Editor's note: William J. Bennett, a CNN contributor, is the author of "The Book of Man: Readings on the Path to Manhood." He was U.S. secretary of education from 1985 to 1988 and director of the Office of National Drug Control Policy under President George H.W. Bush.

(CNN) -- For the past week, Mitt Romney brought his presidential campaign abroad to England, Israel and Poland, leaving his initial footprint on the foreign policy landscape. He may have ventured off path once or twice, but, to paraphrase J.R.R Tolkien, not all those who travel are lost. He blazed his own trail, one that will do him much good at home and abroad.

Before he even left for London, liberal commentators, on both sides of the Atlantic, jumped all over his alleged gaffe on Britain's readiness for the Olympics. Romney was asked a question by Brian Williams, which he answered like a technocrat, an expert, and one of the few men in the world who has run an Olympic Games.

As Dorothy Rabinowitz so wisely noted, "He did what a man who prizes his authority on a subject does -- he answered. He reflected on possibilities. It was a serious subject -- his subject." If he's to be blamed for anything, it's speaking too much like an expert and not a politician.

Critics of Romney often patronize him for sounding too scripted and too much like a politician. Now, when he speaks openly and freely, they criticize him for not being enough of a politician or diplomat. They can't have it both ways.

William J. Bennett
William J. Bennett

From England he traveled to Israel, where he strongly backed Prime Minister Benjamin Netanyahu and the Israeli people and subtly distanced himself from President Barack Obama by vocalizing bolder action against Iran.

"We must not delude ourselves into thinking that containment is an option," Romney said. "We must lead the effort to prevent Iran from building and possessing nuclear weapons capability. We should employ any and all measures to dissuade the Iranian regime from its nuclear course."

Opinion: Romney on Iran is just like Obama

But rather than focus on Iran, our most pressing foreign policy dilemma, the liberal media manufactured another alleged gaffe -- Romney's comments on the cultural differences between Israelis and Palestinians. Again, much ado about nothing. It's hard to dispute the powerful and rich culture of the Jewish people, especially when quoting "The Wealth and Poverty of Nations" by David Landes, an erudite Harvard professor.

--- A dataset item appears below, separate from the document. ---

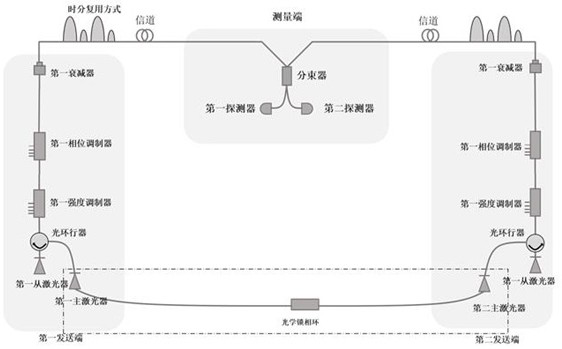 An asynchronous matching measurement device-independent quantum key distribution method and system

Grading Romney's overseas trip
Is Romney's stance on Iran resonating?
Newsweek: Is Romney a wimp?

To his credit, Romney didn't let this slow him down. He concluded the trip by traveling to Poland for a full embrace of Lech Walesa and the Polish people, a strong contrast to the cold shoulder Obama gave to Poland earlier in his presidency. In 2008, despite direct threats from Russia, Poland agreed to accept U.S. missile defense sites. In 2009, Obama folded to Russian criticism and abandoned the missile system, in turn abandoning the Polish people.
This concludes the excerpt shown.